- Written by: Lucie Seifertová Pavel Koutský
- Directed by: Pavel Koutský
- Starring: Jiří Lábus
- Country of origin: Czech Republic
- Original language: Czech
- No. of seasons: 3
- No. of episodes: 111

Production
- Producers: Tomas Rychecky, Viktor Mayer
- Running time: 3 minutes

Original release
- Network: Czech Television
- Release: 2 January 2010 – 1 July 2012

= Dějiny udatného českého národa =

Dějiny udatného českého národa (The History of the Brave Czech Nation) is a cartoon series for children about Czech history. It was written by Lucie Seifertová. Czech lion serves as the narrator accompanying the series and is voiced by Jiří Lábus.

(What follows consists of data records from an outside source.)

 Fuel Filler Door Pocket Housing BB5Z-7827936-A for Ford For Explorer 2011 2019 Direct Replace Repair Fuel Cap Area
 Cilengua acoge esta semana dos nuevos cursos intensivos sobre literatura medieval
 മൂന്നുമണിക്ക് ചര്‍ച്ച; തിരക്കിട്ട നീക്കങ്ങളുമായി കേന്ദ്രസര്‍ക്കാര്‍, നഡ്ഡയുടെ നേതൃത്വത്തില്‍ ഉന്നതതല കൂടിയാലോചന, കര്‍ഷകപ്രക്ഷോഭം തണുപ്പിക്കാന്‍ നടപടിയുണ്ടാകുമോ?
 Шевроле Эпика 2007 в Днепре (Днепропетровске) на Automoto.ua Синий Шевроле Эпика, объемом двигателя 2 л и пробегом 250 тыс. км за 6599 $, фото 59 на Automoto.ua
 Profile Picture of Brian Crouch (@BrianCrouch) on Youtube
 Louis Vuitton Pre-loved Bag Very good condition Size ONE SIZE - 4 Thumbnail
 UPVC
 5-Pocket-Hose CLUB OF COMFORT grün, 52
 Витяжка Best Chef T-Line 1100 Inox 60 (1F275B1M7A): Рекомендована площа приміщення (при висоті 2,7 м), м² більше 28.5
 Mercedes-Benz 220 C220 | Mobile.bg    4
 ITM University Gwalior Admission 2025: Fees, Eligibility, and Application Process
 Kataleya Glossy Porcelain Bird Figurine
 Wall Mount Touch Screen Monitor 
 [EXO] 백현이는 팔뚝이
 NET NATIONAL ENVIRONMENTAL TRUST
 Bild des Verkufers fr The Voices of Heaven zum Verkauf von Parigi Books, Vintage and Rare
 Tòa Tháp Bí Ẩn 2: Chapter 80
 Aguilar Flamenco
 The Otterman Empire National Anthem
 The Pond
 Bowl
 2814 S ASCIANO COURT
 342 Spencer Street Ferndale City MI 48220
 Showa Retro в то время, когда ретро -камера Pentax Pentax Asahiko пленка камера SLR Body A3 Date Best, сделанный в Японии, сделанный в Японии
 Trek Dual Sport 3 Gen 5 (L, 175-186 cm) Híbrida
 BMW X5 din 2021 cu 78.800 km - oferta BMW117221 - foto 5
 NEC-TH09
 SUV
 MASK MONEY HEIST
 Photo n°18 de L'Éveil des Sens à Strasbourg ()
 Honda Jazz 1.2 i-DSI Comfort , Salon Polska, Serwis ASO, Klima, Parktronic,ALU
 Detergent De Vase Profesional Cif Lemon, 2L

The series was first broadcast by Czech Television in 2010–2012. It competed in the International Competition of Short Animated Films for Children at the 49th International Film Festival for Children and Youth Zlín 2009 and at the 8th International Animated Film Festival Anifest 2009 in Třebon.

The series is based on a 2003 book by Lucie Seifertová of the same name. The book won the Magnesia Litera award as a book of the year 2003 for children and youth, the Golden Ribbon for the year 2003 in the category of non-fiction and popular science literature for children, and the Golden Seal award for polygraphic processing.